Ah, but how do we do this? How do we begin to change our mind, change the way we see our situation and let God be God? A nun named Sister Mary Paul once said, "We must learn a different...sense of time, one that depends more on small amounts than big ones." Dorothy Day, the Christian social activist, said that "by little and by little" we come to God. Focusing on the "small amounts" of time means living fully in the present... embracing the Now. When our focus is on the past, with all that we have done or not done...when our focus is on the future, with all that we must do or will never be able to do...then we have little room in the ever-shrinking space of our heart to allow God to be God. But...when we find moments, when we make moments, to bring the past with its regrets AND the future with its worries, and lay it all before God-with-us and say, I cannot do this alone, then we can begin to unclog our spiritual arteries, let our heart beat once more with life and vitality. When we make time to breathe out the stuff that takes life and breathe in the spirit that gives life, then we will begin to know the abundant life. I'm talking here, of course, about prayer.
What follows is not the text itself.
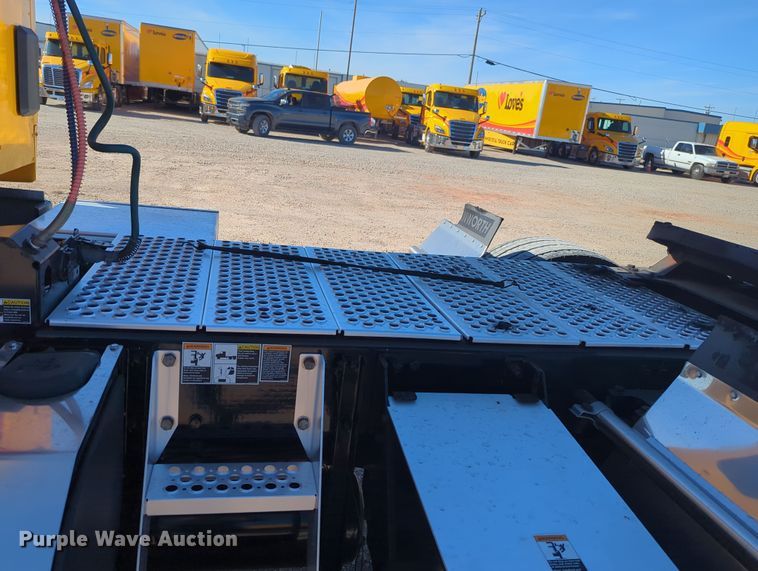 image for item OD9110 2020 Kenworth T680  semi truck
Returning to that opening chapter of Mark's Gospel, after reading of Jesus' hectic day of preaching, teaching, healing, and casting out demons, we find the following words: "In the morning, while it was still very dark, he got up and went out to a deserted place, and there he prayed." Several chapters later, after Jesus sends the four fishermen and their colleagues out for their initial apostolic mission and they return to tell him all that they had done, he says to them, "Come away to a deserted place all by yourselves and rest a while."
In the deserted place, in that intentional moment of prayer, the late Henri Nouwen once wrote, we can discover anew "not only that God exists but also that God is actively present in our lives." It doesn't mean having to go away on a long mountain retreat, though that can be wonderful. It means doing what Jesus did, making time, intentionally carving out time from our hectic pace and rediscovering God and ourselves as God's beloved. Thus we can live into a different time, the Now, and give thanks for the things right here before us, the gifts, the joys, yes even the challenges, for in the Now we know that we are not alone and we know that we are loved.
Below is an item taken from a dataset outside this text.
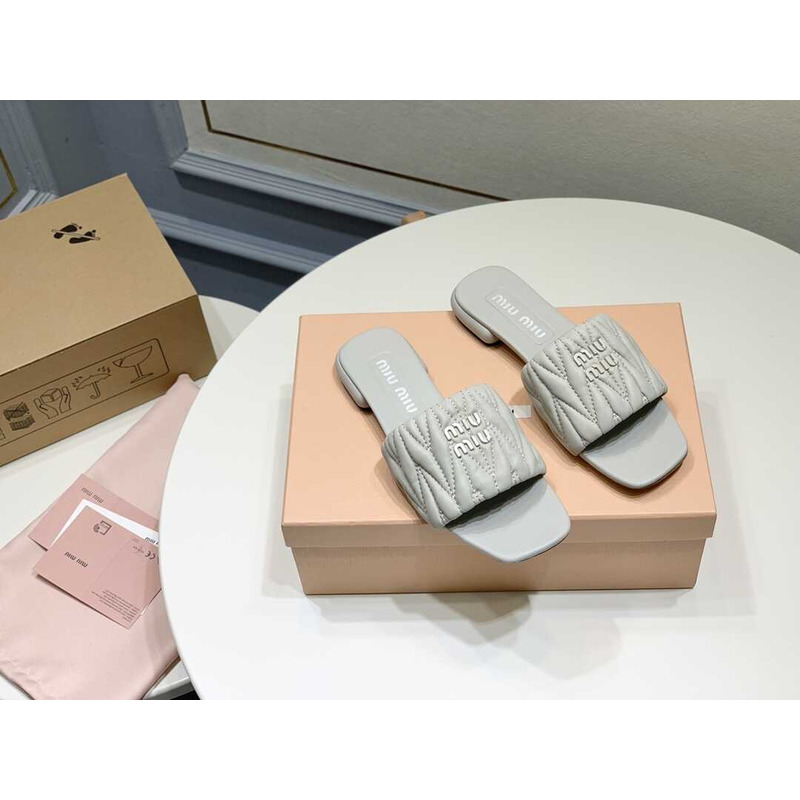 Miu Miu Matelassé Slipper Sandal In Soft Suede Gray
How easy to let our regrets and our worries create a wall around us, forcing us into a self-imposed solitary confinement. To follow Jesus is to commit ourselves to intentional time with the One who even now calls us by name. To repent, to change our mind, is to shake off the regret and worry that holds us hostage, and recognize that the God of the everlasting present, the God who is Creator, Redeemer, and Sustainer, is now and forever...truly...with us.
Let us pray. Give us grace, O Lord, to answer readily the call of our Savior Jesus Christ and proclaim to all people the Good News of his salvation, that we and the whole world may perceive the glory of his marvelous works; who lives and reigns with you and the Holy Spirit, one God, forever and ever. Amen.